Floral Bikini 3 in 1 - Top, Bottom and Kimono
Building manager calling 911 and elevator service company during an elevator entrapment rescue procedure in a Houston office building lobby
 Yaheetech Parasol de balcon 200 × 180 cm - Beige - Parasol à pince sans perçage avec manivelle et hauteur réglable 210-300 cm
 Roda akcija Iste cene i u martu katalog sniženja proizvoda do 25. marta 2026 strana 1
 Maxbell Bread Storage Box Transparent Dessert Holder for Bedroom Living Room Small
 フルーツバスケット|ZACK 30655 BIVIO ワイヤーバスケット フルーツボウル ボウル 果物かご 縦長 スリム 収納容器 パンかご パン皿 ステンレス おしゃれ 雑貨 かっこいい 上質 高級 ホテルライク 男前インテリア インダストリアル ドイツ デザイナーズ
-=-=-=-=-
Word for word, restate the line that contains "Maxbell Bread Storage" and each line after it, up to and including the last line of the listing; include nothing else.

TASK SOLUTION:
 Maxbell Bread Storage Box Transparent Dessert Holder for Bedroom Living Room Small
 フルーツバスケット|ZACK 30655 BIVIO ワイヤーバスケット フルーツボウル ボウル 果物かご 縦長 スリム 収納容器 パンかご パン皿 ステンレス おしゃれ 雑貨 かっこいい 上質 高級 ホテルライク 男前インテリア インダストリアル ドイツ デザイナーズ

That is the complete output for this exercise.